8. Applicability of This Notice

This Notice applies when Nectly controls your data. When a customer uses Nectly to collect data, Nectly acts as a data processor on their behalf.

9. Information We Collect

Directly from You

Name, email, and account credentials
Billing data (processed via Stripe)
Survey or feedback responses

Automatically

Log and device data (IP, OS, browser)
Cookie and tracking data
Usage data (e.g., session types, frequency)

From Third Parties

SSO providers
Marketing sources

10. How We Use Your Information

Deliver and maintain our services
Respond to support inquiries
Communicate essential updates
Improve the platform through usage analysis
Prevent fraud and secure accounts
Comply with legal obligations

11. Sharing Your Information

We share data with:

Service providers (e.g., Stripe, AWS, analytics)
Affiliates and subsidiaries
Legal or regulatory authorities as required

12. Subprocessors

Name	Activity	Location
Amazon Web Services	Infrastructure	EU, USA
Google	Analytics, Email	EU, USA

13. Data Retention Policy

Account data: Duration of account + 12 months post-deletion
Analytics: Cookie duration or until opt-out
Billing info: As required by law

14. Your Rights and How to Exercise Them

Depending on where you live and applicable data protection laws (such as GDPR or CCPA), you may have specific rights regarding your Personal Data. These rights generally include:

Right to Know and Access: You can ask to see what Personal Data we've collected about you, including its categories, sources, collection purposes, and how it's been used, disclosed, sold, or shared.
Right to Correction: You can request that we correct any inaccurate Personal Data we hold about you.
Right to Deletion: Under certain conditions, you can ask us to delete your Personal Data.
Right to Opt-Out of Sale/Sharing: You can choose to opt out if your Personal Data is "sold" or "shared" as defined by applicable laws, particularly for purposes like targeted advertising.
Right to Object to Processing: You can object to or opt out of specific types of processing, such as targeted advertising, direct marketing, profiling, and automated decision-making.
Right to Restrict Processing: You can ask us to limit how we process your Personal Data under certain circumstances.
Right to Data Portability: You can request a copy of your Personal Data in an accessible, machine-readable format.
Right to Withdraw Consent: In situations where we rely on your consent for processing your Personal Data, you have the right to withdraw that consent at any time.
Right to Lodge a Complaint: You have the right to file a complaint with your relevant data protection supervisory authority if you believes your rights have been violated. For EU residents, you can find contact information for these authorities on the European Data Protection Board's website or other public sources.

To exercise these rights, please contact us at privacy@nectly.io. We may need to verify your identity before fulfilling your request.

15. Cookies & Tracking Technologies

You can control cookies via:

Your browser settings
Our website footer (“Cookie Settings”)
Account settings

Nectly uses a consent management platform to comply with GDPR and CCPA.
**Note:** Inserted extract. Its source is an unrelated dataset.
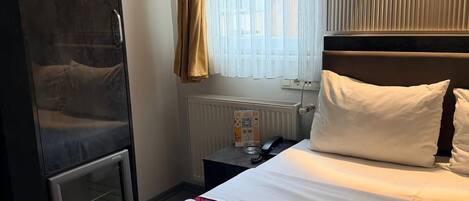 A hotel room with a bed, a wardrobe, a radiator, a bedside table with a phone, and a window with curtains.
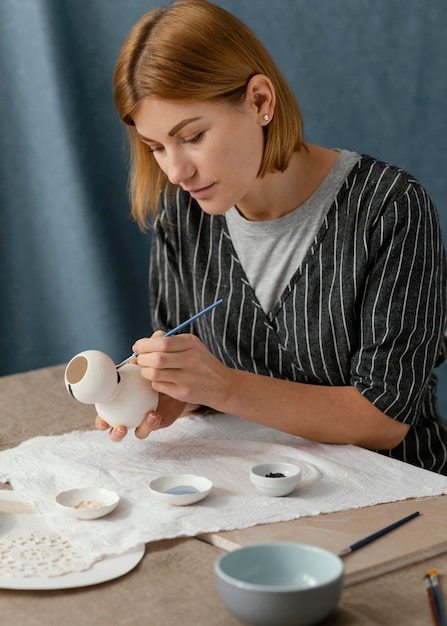 Woman painting pottery item  medium shot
16. Data Transfers & International Users

If you’re outside the U.S., your data may be transferred to and processed in the U.S. or other countries. Transfers are governed by:

EU-U.S. Data Privacy Framework

17. Security and Breach Notification

While no system is immune to risks, Nectly employs industry-standard practices to minimize threats. In case of a breach, we notify affected users and regulators as legally required.

18. Children's Privacy

Nectly is not intended for individuals under 18. We do not knowingly collect data from minors. If such data is discovered, it will be deleted immediately.

19. CCPA Notice for California Residents

We do not sell personal information. However, depending on cookie preferences, some data may be shared for cross-context behavioral advertising. California users can:

Request access, correction, or deletion of their data
Opt out of such sharing via our cookie settings

20. Updates to This Notice

We may update this Privacy Notice periodically. Material changes will be posted with a new “Effective Date.”

21. Contacting Us

Email: privacy@nectly.io

For EU/UK users: Our data protection representatives’ contact details are available upon request.